第164話
「チョロいわね。レンタル料もこれなら大したことなさそう」
あっさりと手懐けられたその姿に、こっそりと笑むサロメ。ただの大喰らいね、と自分のことは棚に上げる。
しかし、ガムを味わいながらもニコルはケンカを売られたと判断。
「ほぉ? それは聞き捨てならないね。一応こっちは世界に羽ばたく予定の調香師兼ヴァイオリニストなんだ。それなりの額を積んでもらわないと——」
「老舗ショコラトリー『WXY』のマンディアン。それをひと箱。どう?」
提案。サロメとしては五箱ほど買ってあるので、ひとつを交渉材料に。社長の金だけど。
……しばらくフリーズしているニコルだが、人気店のショコラ。目が高速で泳ぐ。そして。
「……まぁ……手を打とう」
ナッツやドライフルーツなど、四種類のトッピングがたっぷりと乗った、あの美味しいやつ。托鉢修道会、を意味する通り、白・茶・灰・紫の四派のカラーで、見た目にも美しい。誘惑に負けた。
あっさりと交換させられた姉の目は光を失う。
「……」
少しくらい悩んでほしかった。いや、悩んでというより拒否を。マネージャーとは? 買収されてますけど?

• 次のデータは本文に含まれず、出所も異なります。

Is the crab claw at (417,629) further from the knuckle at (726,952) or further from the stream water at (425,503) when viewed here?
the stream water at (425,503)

ここでサロメが全く話に上がってこない、もうひとつのピアノに話題を移す。
「てか。依頼されたのは違うピアノなんでしょ? そっちはなに?」
ペガサスとブランシュに集中してしまっていたが、元々のピアノがあるはず。こちらもなんとなく嫌な、それでいて甘美な一品。のような気がする。

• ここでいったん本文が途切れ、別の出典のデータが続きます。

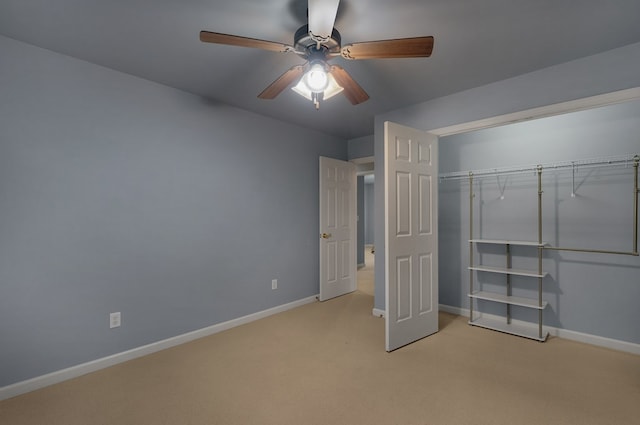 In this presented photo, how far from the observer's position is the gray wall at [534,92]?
7.51 ft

レダも若干忘れかけていたが、こちらも少々特殊。あまり見ない形。
「あぁ、本番はこっち。『グラスホワイト』」
と、伝えた瞬間に空気がシン……となる。欠伸をしかけていたサロメも、口を大きく開けたまま止まる。目だけギョロっと、不敵に笑みを浮かべるレダのほうへ。
「……ったく、金持ちってのは……!」
そして今、この場にいない依頼主に噛み付く。骨ごと噛み砕いてやろうか、とすこぶる機嫌は悪い。
「……?」
話についていけていないブランシュ。当然、この空気も読み取れない。怒り、に近いサロメのオーラはなにゆえ?

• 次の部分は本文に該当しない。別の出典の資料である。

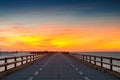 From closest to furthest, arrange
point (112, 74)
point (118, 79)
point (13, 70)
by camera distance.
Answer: point (118, 79) → point (112, 74) → point (13, 70)

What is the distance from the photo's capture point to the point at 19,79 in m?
17.1

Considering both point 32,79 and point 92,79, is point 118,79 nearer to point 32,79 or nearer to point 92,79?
point 92,79

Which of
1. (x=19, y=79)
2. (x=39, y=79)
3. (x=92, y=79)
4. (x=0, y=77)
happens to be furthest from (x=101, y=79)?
(x=0, y=77)

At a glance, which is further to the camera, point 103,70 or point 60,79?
point 103,70

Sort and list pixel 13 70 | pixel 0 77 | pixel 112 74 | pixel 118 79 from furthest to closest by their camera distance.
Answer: pixel 13 70
pixel 112 74
pixel 0 77
pixel 118 79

それは妹であるニコルも同じはずだが、彼女の場合はそもそも読もうとしない。思ったことを口にする。
「なになに? グラス? 白いガラスでできてんの? ガラスでもピアノって作れるの?」
そのままわかる単語を組み合わせる。でも、運搬する時とか怖くない?
しかし、その数秒の間にブランシュにはひとつ、近しいピアノの絵が見えてきた。でもあれは。たしか、素材が木ではない、アクリルの樹脂で。